Dificultades patriarcales y capitalistas

Vivimos en un mundo competitivo en el que flaquear no está permitido: si bajamos la guardia alguien se subirá por encima. O eso nos han contado, fomentando la desconfianza en el entorno social y en creer que las otras personas están para hacernos daño. Aquí solo una persona puede ganar el juego de la vida, no se contemplan estructuras comunitarias de redes afectivas que garanticen una cooperación. Y en las mujeres es especialmente sangrante en tanto que nos dicen que somos enemigas: arpías, brujas, manipuladoras. Se fomenta una competitividad en donde sólo puede quedar una, la elegida.

Históricamente a la mujer se nos ha perseguido diciendo que no somos de fiar, porque nuestras hormonas nos lo impiden. Por mensajes como éstos se mantuvo durante años que lo mejor era que no votásemos ya que no éramos racionales (no hay que ir tan lejos, esto sucedía en España en los años 70).

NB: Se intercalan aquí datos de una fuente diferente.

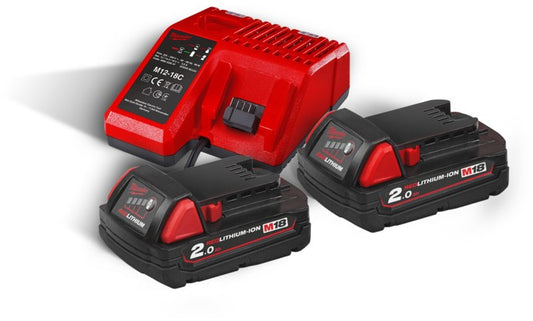 Milwaukee M18 NRG-202 Accu pack NRG 18V 2.0Ah Li-Ion M18™ - 4933459213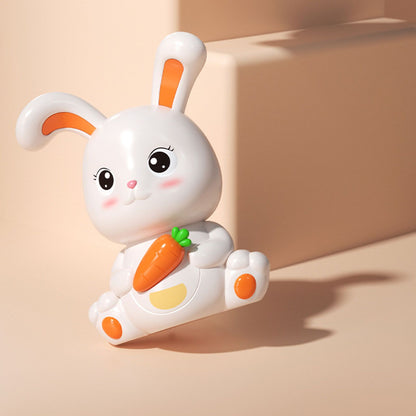 Piggy Bank Plastic Cute Rabbit Shape Fall Prevention Large Capacity Bunny Money Box for Children Gift V1294-YM0521-3117230016811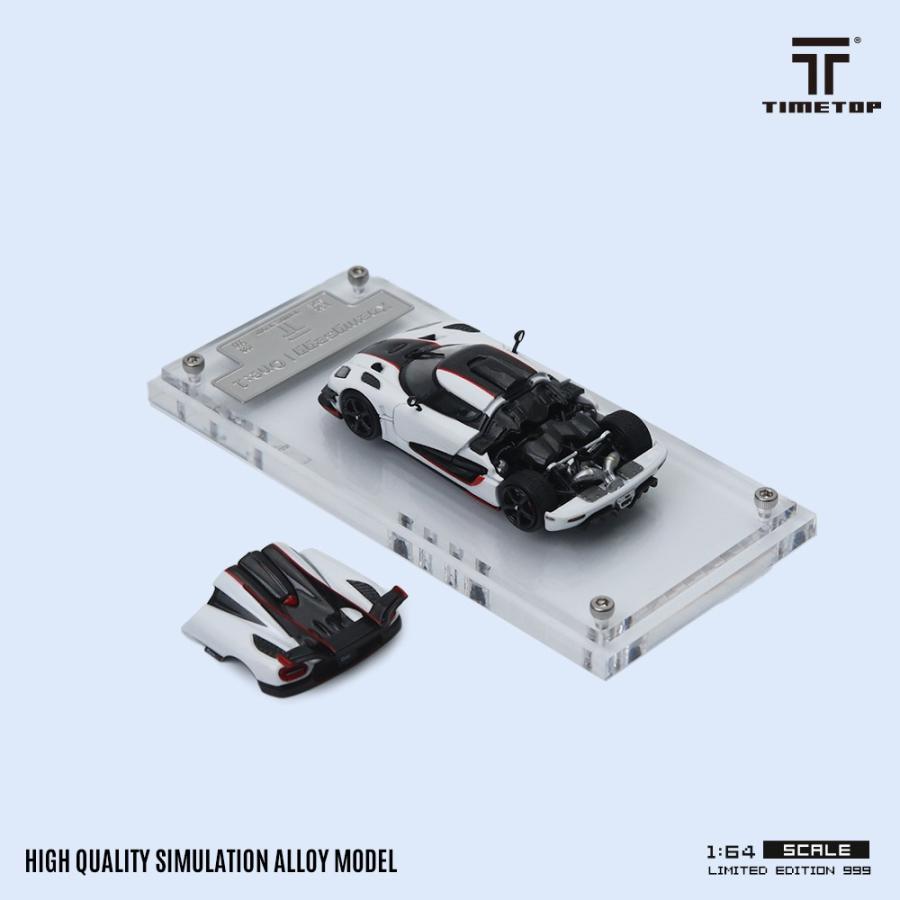 TimeTop 1/64 ケーニグセグ ワン：1 ホワイト Koenigsegg One1 White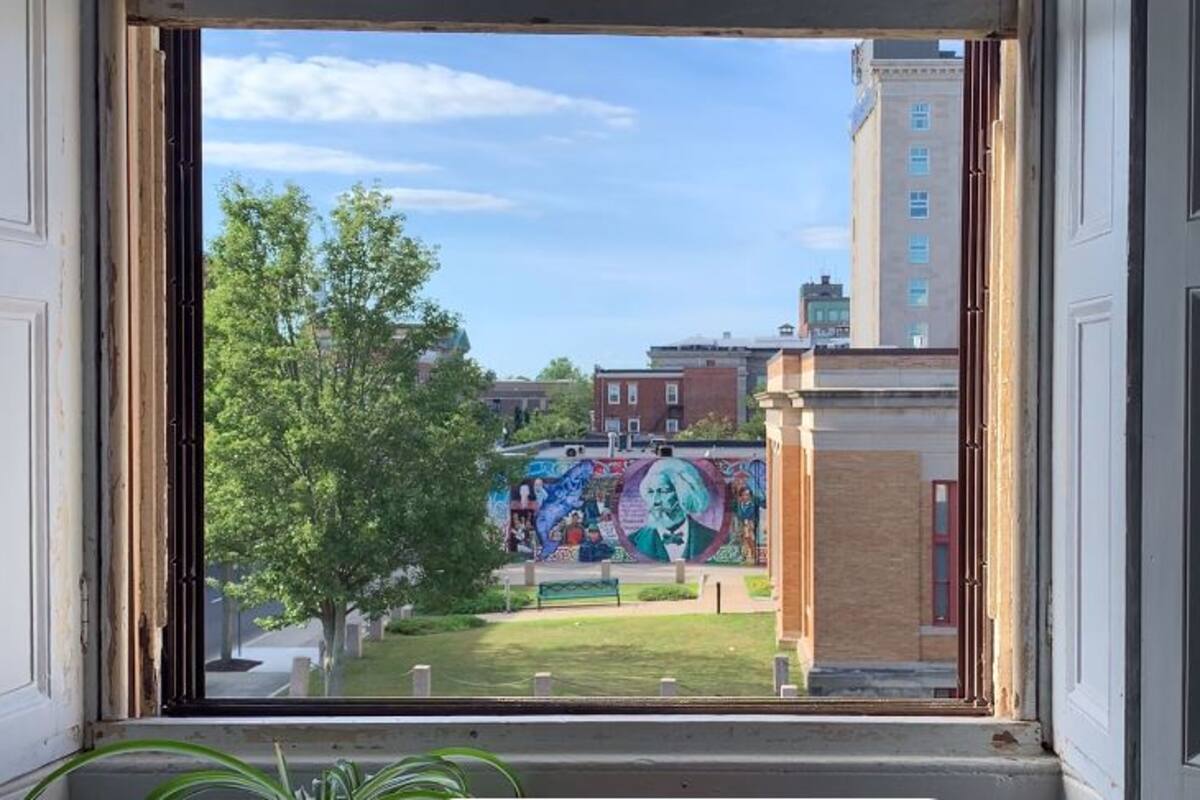 La vista desde una casa de New Bedford, en Estados Unidos, que ofrece el sitio Window Swap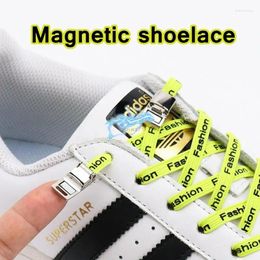 Shoe Parts Fashion Elastic Laces Sneaker Magnetic Shoelaces Without Ties Sport Running Lace For Kids Adult Lazy Quick Shoes Accessorie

Que digan que no somos de fiar tiene un impacto directo en las relaciones personales, nos obliga a desconfiar y subir la guardia cuando estamos frente a alguien, especialmente si es mujer. También nos encontramos en un mundo en el que hay mucha violencia machista, por lo que confiar en los hombres tampoco parece una buena opción.

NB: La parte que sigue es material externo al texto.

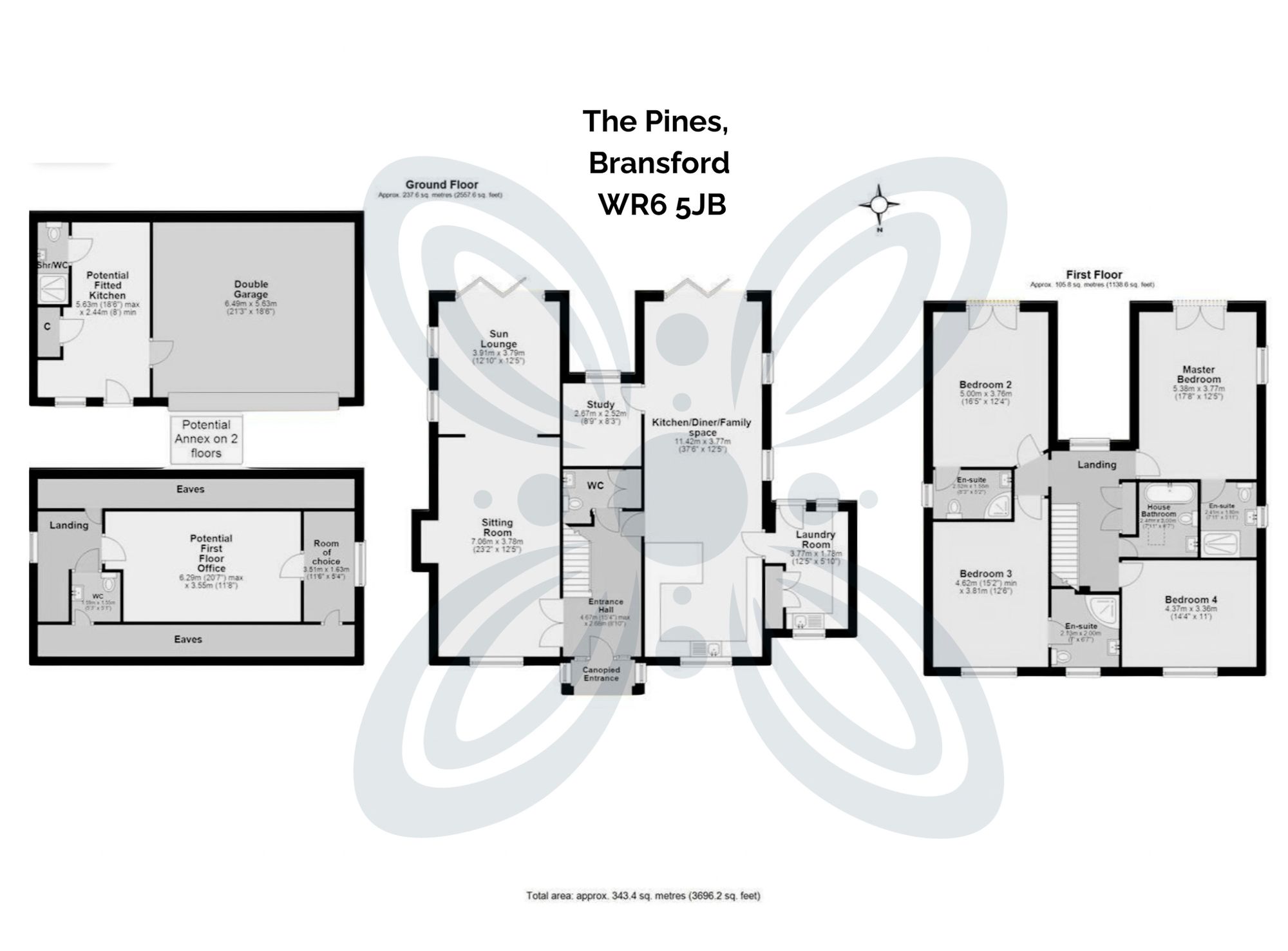4 bed detached house for sale in Bransford, Worcester, WR6 - Property floorplan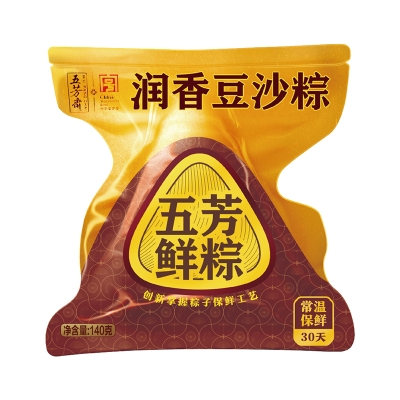 五芳斋锁鲜粽子锁鲜润香豆沙粽140g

El capitalismo, pues, tiene su granito a aportar en esto de la desconfianza: es el garante de la competitividad e individualismo, desconectándonos y aislándonos de quien tenemos más cerca.

En los países del primer mundo las tasas de depresión son las más elevadas, la soledad es uno de los grandes pilares que explican estos datos, alcanzando cotas epidémicas. Qué paradójica situación, el neoliberalismo fomenta valores individualistas a la vez que nuestra condición humana clama por pertenecer, red y afecto. Una contradicción difícil de gestionar. Si quieres sobrevivir en este sistema se te pide ser una persona fuerte, resistente, insensible, incluso arrolladora. Tienes que abrirte paso frente a todo (y todes) con la cabeza erguida mirando al frente si deseas llegar a algún lugar, si deseas SER ALGUIEN. Y es en este camino de alcanzar, de seguir ascendiendo, de subir más arriba, donde nos perdemos, desconectamos y desaparecemos.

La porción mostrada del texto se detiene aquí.